Like slang and politics, food has fashions that mutate across time, according to economics and the whims of snobbery. As a kid in a working-class American family in the 1950s and 1960s, the only foreign cuisines I recognized were Italian and Chinese, heavily Americanized. My father was a meat-and-potatoes guy, almost literally. He once threw a fit in a Chinese restaurant when they didn’t serve white bread with the meal.
The list of foods I never
heard of as a boy that now are commonplace in American groceries is extensive
and includes yogurt, falafel, salsa, tofu, olive oil (except in Popeye), any cheese
that wasn’t American or Swiss, any fish that wasn’t fried (except tuna, in a can),
any pasta that was not spaghetti, any rice not Rice-A-Roni, and any vegetable
other than corn, beans and potatoes. I remember the first time I ate an
artichoke – in France, age twenty. I still haven’t eaten kale or Swiss chard,
and probably would have mistaken them for compost, not foodstuffs. I first and last encountered cilantro at age forty. There were
two spices – salt and pepper.
This came to mind while
reading Nige’s post on the Great Aubergine Famine of 2021, at least in England.
Not only had I never heard of an aubergine as a boy, and wouldn’t have
known how to pronounce it; I wouldn’t even have known what an eggplant
was. People in my neighborhood didn’t eat such things and wouldn’t have known
how to prepare them: “Do you just bite in like an apple?” Now eggplant gets my vote
for the prettiest vegetable.
Among Linnaeans, the
eggplant is known as Solanum melongena, a member of the sprawling Solanaceae
family, along with potatoes, tomatoes and deadly nightshade.
In his 1993 collection Sweetapple
Earth (Carcanet), John Heath-Stubbs includes a sequence of eleven poems titled
“Botanical Happy Families.” Among them is “Solanaceae.”

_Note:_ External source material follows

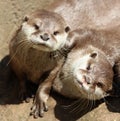 Close up of cuddling sleepy Oriental Short Clawed Otters Royalty Free Stock Photo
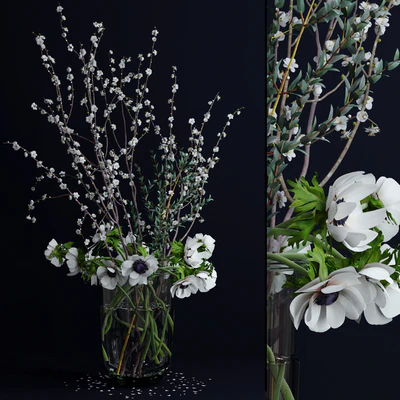 Anemones and branches — Ver 1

Like the human family, it contains members who sustain us and others less
wholesome:
“Falstaff thought potatoes
aphrodisiac;
Tomatoes were called
love-apples once.
Familiar and chaste
enough,
They’re now in every
sandwich, every salad.
We also welcome to our
tables—
Although a bit exotic
still—the aubergine,
The pimento, the chili
pepper (Becky Sharp
Found its name misleading,
you’ll recall).
“But in the shadows stand
Sinister enchantresses, as
belladonna,
Dulcimara, with the
screaming mandrake,
Datura, bringing death or
visions.
"And there’s a false
friend too,
And that’s tobacco.”
Reassuring to know
Heath-Stubbs (1918-2006) judged aubergine “a bit exotic still.”